(What the exercise asks)
Output a faithful copy of the entries, every picture removed.

##### Information provided

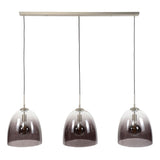Hanglamp Meyer chiQago Mat nikkel LxBxH 141x76x41 Mat nikkel Nnb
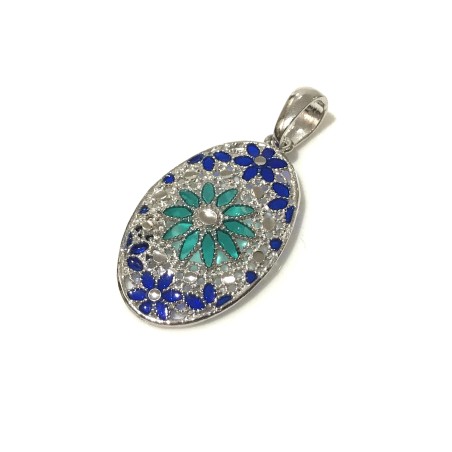 Pendente Florence style in argento 925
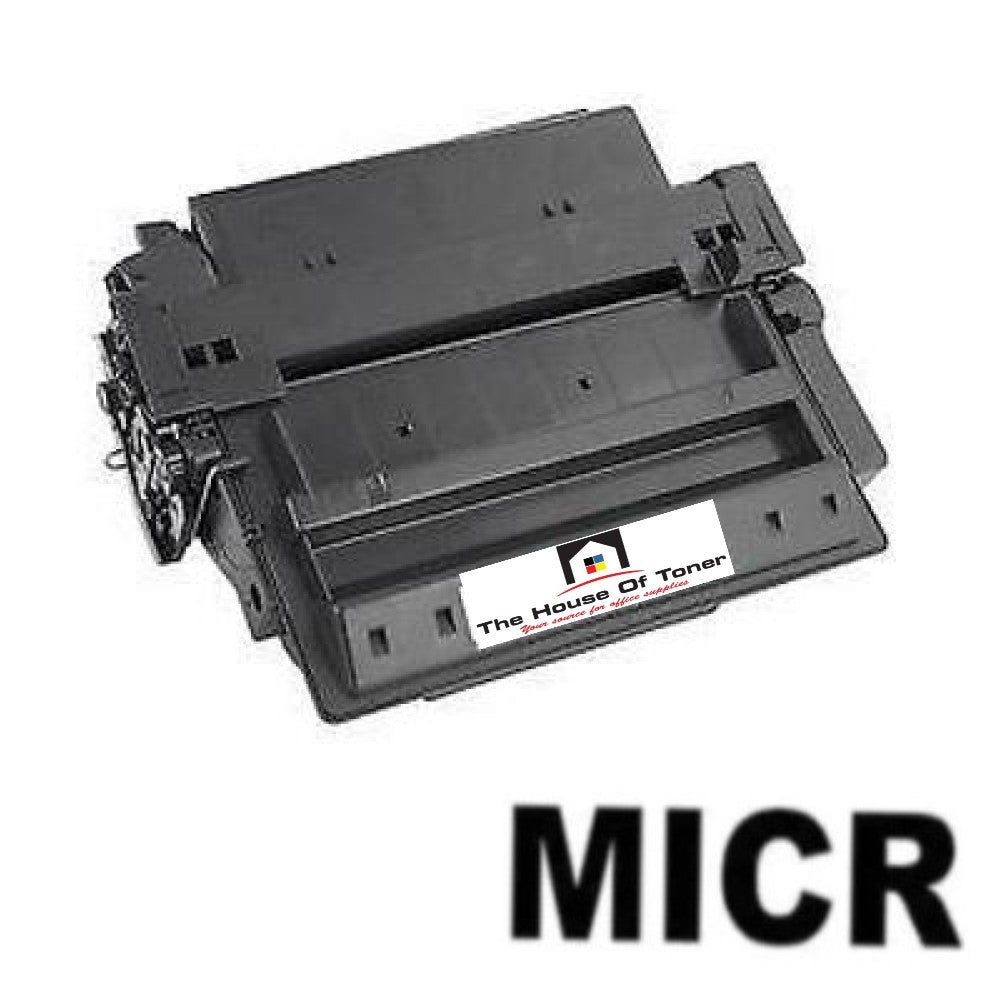 Compatible Toner Cartridge Replacement for HP Q6511X (11X) High Yield Black (12K YLD) W/Micr Compatible Toner Cartridge Replacement for HP Q6511X (11X) High Yield Black (12K YLD) W/Micr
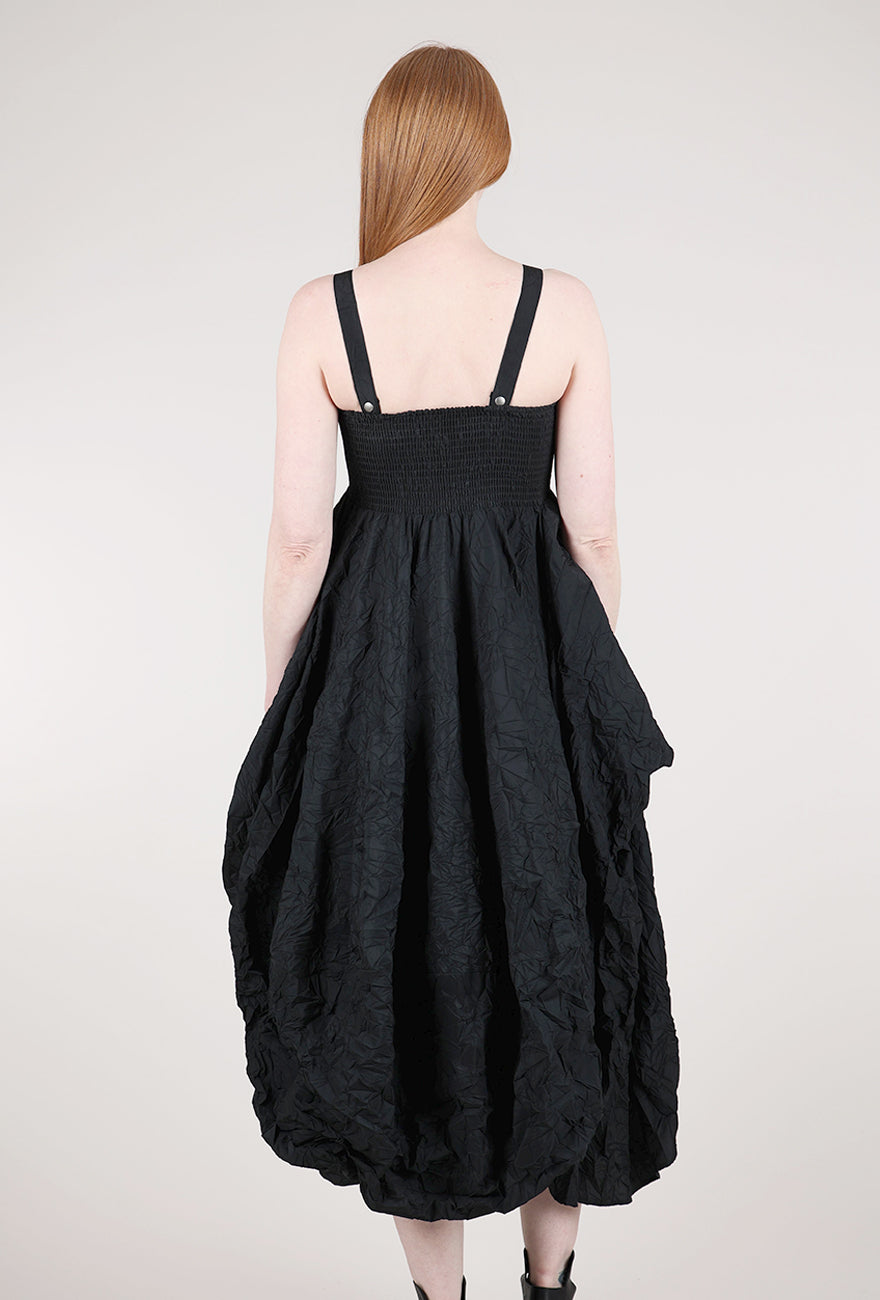 Pluslavie Short Luxe T Dress, Black 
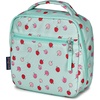 JanSport Lunch Break Insulated Cooler Bag – Leakproof Picnic Tote, Cyberspace Galaxy(Apple Orchard Magic)
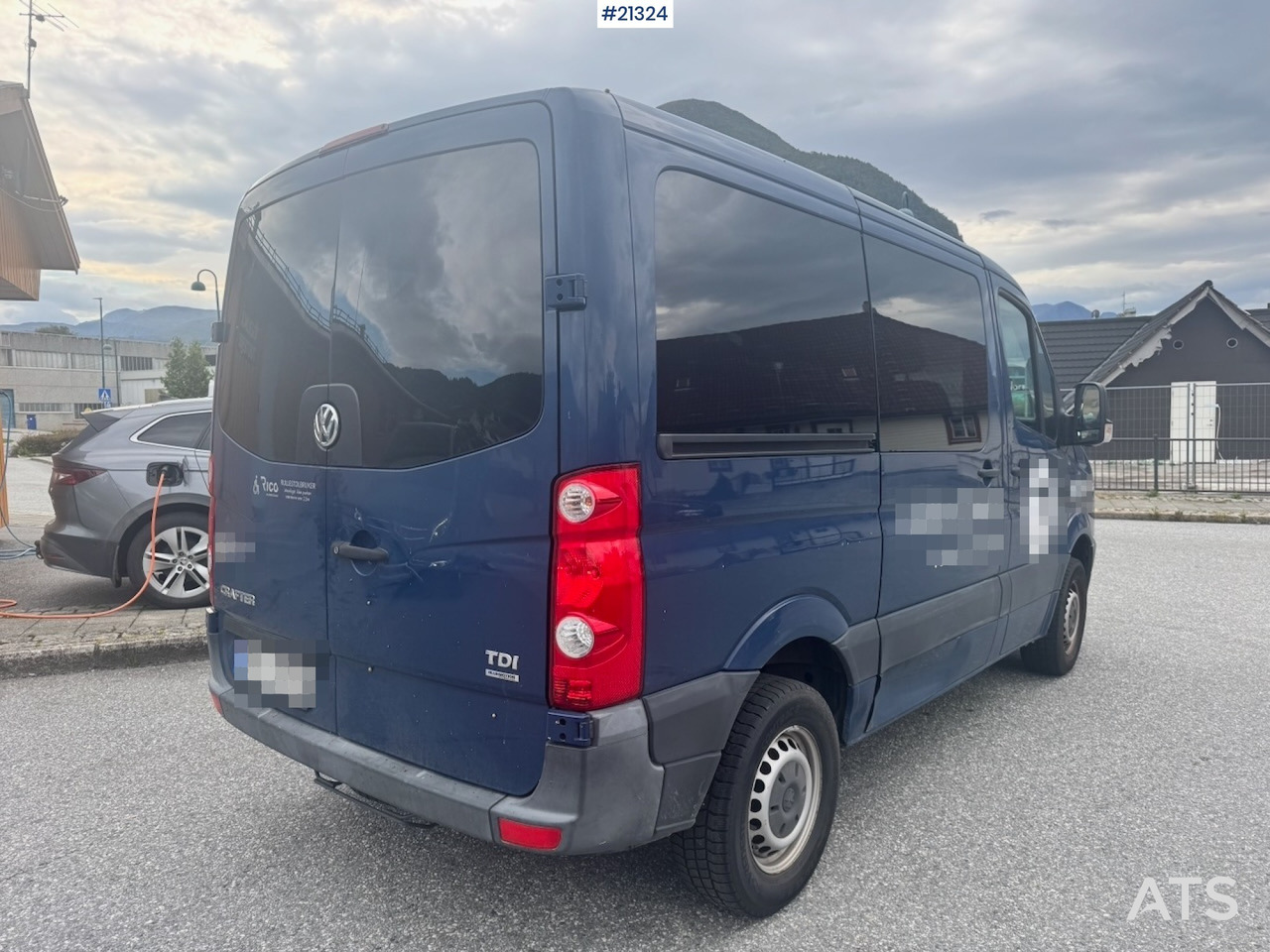 Volkswagen Crafter - Väikebuss, Mikrobuss: pilt 5 Volkswagen Crafter - Väikebuss, Mikrobuss: pilt 5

##########

(Exercise answer)
Hanglamp Meyer chiQago Mat nikkel LxBxH 141x76x41 Mat nikkel Nnb
 Pendente Florence style in argento 925
 Compatible Toner Cartridge Replacement for HP Q6511X (11X) High Yield Black (12K YLD) W/Micr Compatible Toner Cartridge Replacement for HP Q6511X (11X) High Yield Black (12K YLD) W/Micr
 Pluslavie Short Luxe T Dress, Black 
 JanSport Lunch Break Insulated Cooler Bag – Leakproof Picnic Tote, Cyberspace Galaxy(Apple Orchard Magic)
 Volkswagen Crafter - Väikebuss, Mikrobuss: pilt 5 Volkswagen Crafter - Väikebuss, Mikrobuss: pilt 5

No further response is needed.